--- TASK INPUTS ---
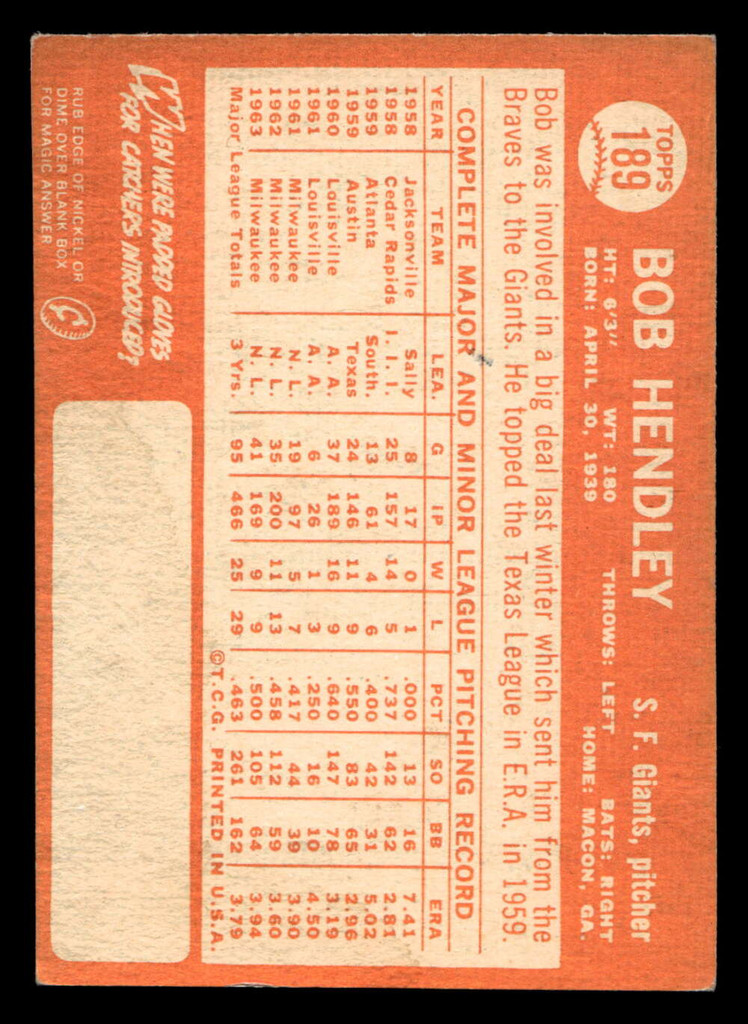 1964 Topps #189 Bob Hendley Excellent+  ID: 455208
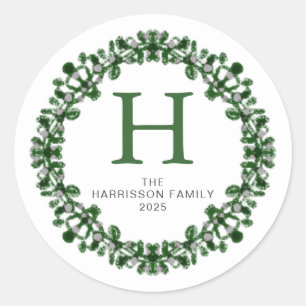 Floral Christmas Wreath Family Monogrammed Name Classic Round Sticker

---

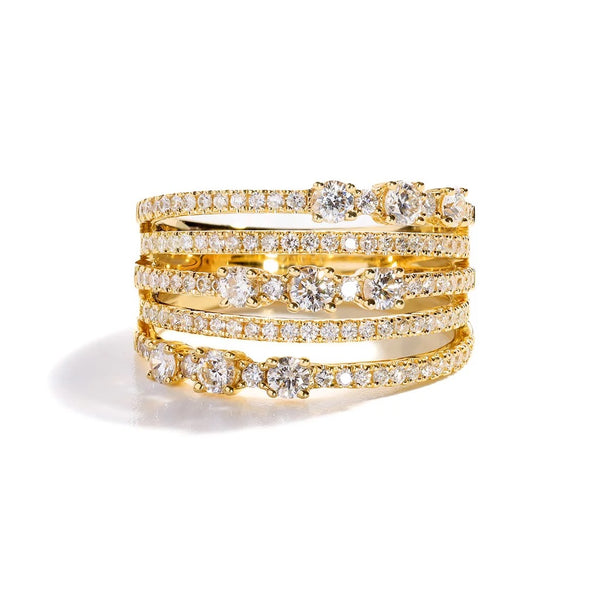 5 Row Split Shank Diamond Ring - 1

--- INSTRUCTIONS FOR THE TASK ---
Above are records; repeat only the lines from the line with "1964 Topps #189" through the line with "Floral Christmas Wreath", and leave pictures out.

--- ANSWER BOX ---
 1964 Topps #189 Bob Hendley Excellent+  ID: 455208
 Floral Christmas Wreath Family Monogrammed Name Classic Round Sticker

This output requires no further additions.